[PROBLEM DESCRIPTION] In the records below, begin at the line that has "Scott Mills Bridge" and stop after the line that has "Consigue tu Camiseta"; quote those lines verbatim and nothing more.

[SOURCE INFORMATION]
* * *

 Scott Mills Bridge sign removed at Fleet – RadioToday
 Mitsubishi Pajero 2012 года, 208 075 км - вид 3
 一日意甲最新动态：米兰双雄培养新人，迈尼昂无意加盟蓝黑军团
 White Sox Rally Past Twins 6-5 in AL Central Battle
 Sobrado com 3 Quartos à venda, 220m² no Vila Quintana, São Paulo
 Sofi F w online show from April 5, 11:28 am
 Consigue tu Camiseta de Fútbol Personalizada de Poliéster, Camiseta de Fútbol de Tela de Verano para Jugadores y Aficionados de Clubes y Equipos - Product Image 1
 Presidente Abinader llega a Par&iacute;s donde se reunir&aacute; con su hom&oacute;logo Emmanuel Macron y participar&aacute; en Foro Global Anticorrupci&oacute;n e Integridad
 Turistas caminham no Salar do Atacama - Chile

* * *

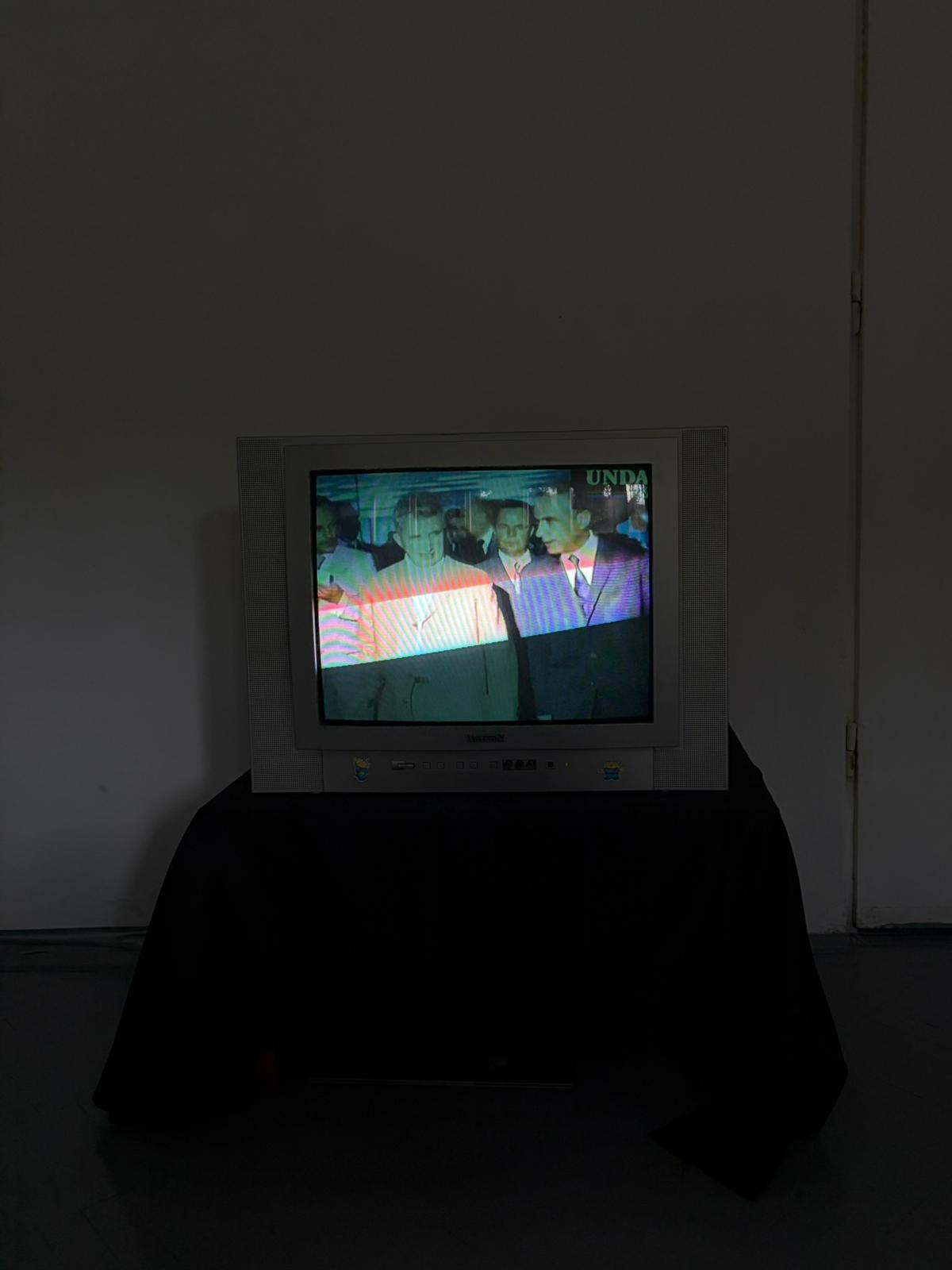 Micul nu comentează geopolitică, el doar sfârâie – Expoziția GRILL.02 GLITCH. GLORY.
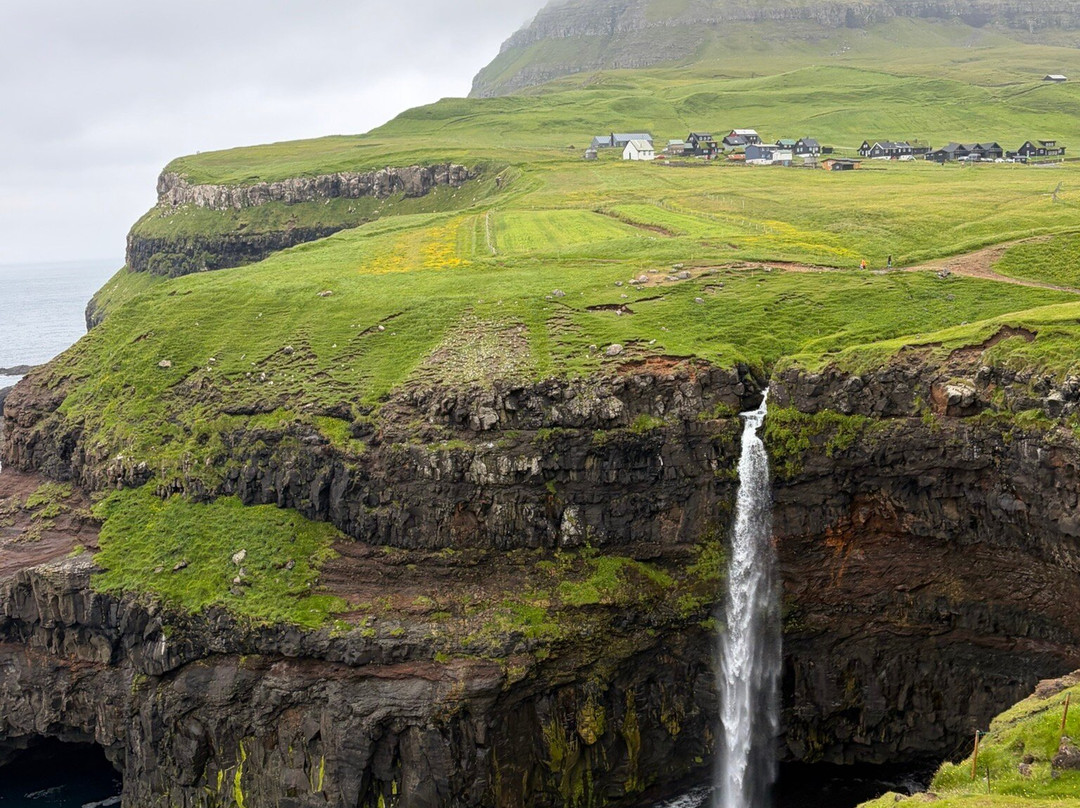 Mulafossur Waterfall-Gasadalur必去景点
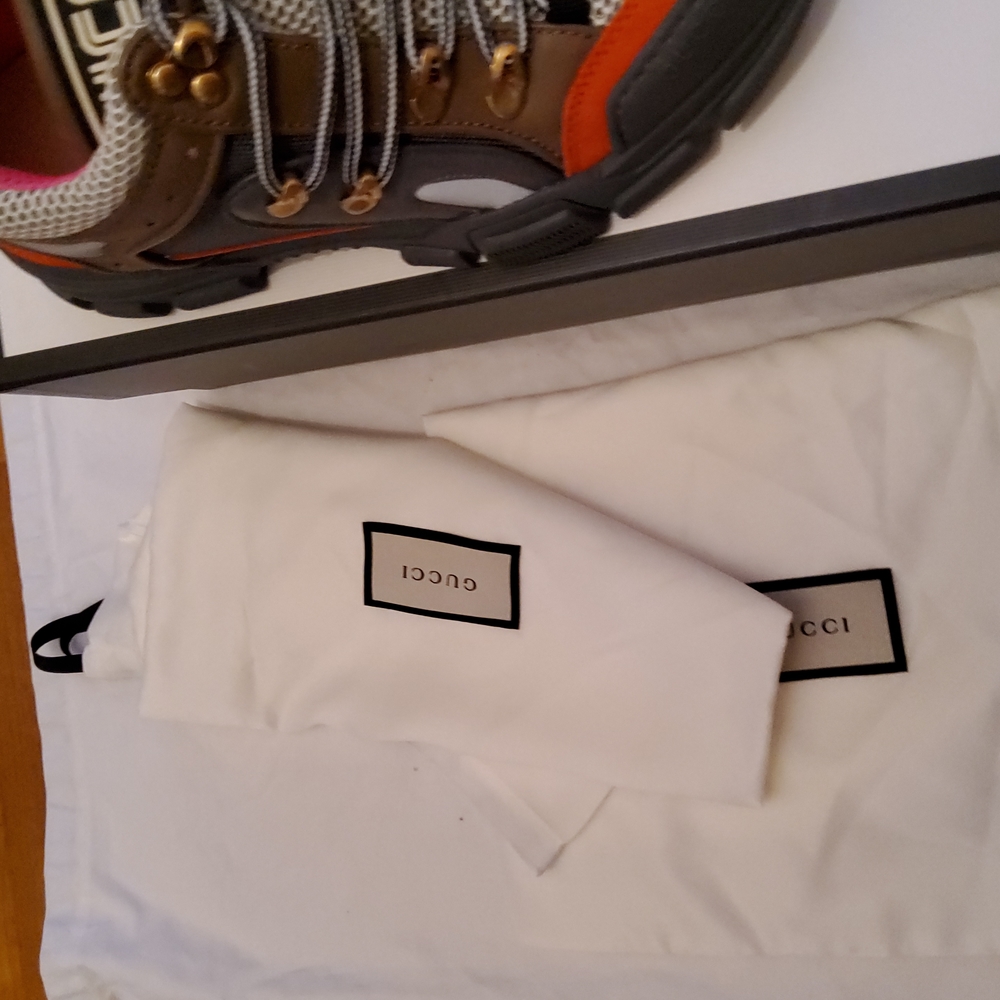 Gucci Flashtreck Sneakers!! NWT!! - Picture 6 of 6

* * *

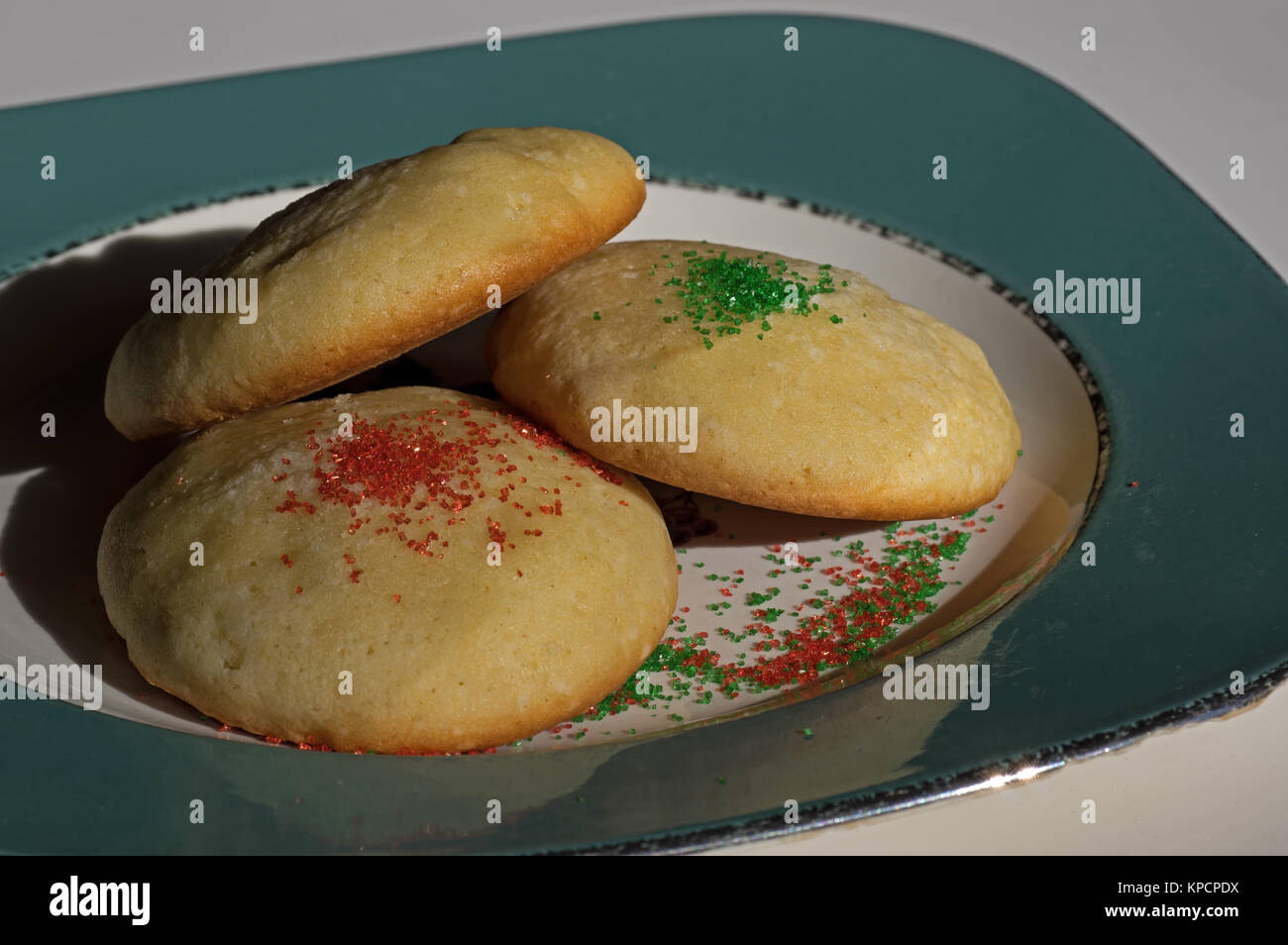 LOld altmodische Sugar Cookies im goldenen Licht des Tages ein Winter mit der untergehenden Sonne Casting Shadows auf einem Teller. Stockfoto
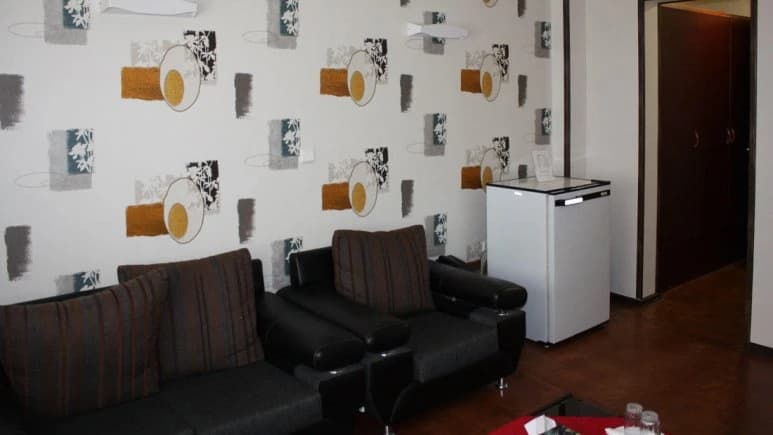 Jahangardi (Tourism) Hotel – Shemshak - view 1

* * *

[EXERCISE OUTPUT]
 Scott Mills Bridge sign removed at Fleet – RadioToday
 Mitsubishi Pajero 2012 года, 208 075 км - вид 3
 一日意甲最新动态：米兰双雄培养新人，迈尼昂无意加盟蓝黑军团
 White Sox Rally Past Twins 6-5 in AL Central Battle
 Sobrado com 3 Quartos à venda, 220m² no Vila Quintana, São Paulo
 Sofi F w online show from April 5, 11:28 am
 Consigue tu Camiseta de Fútbol Personalizada de Poliéster, Camiseta de Fútbol de Tela de Verano para Jugadores y Aficionados de Clubes y Equipos - Product Image 1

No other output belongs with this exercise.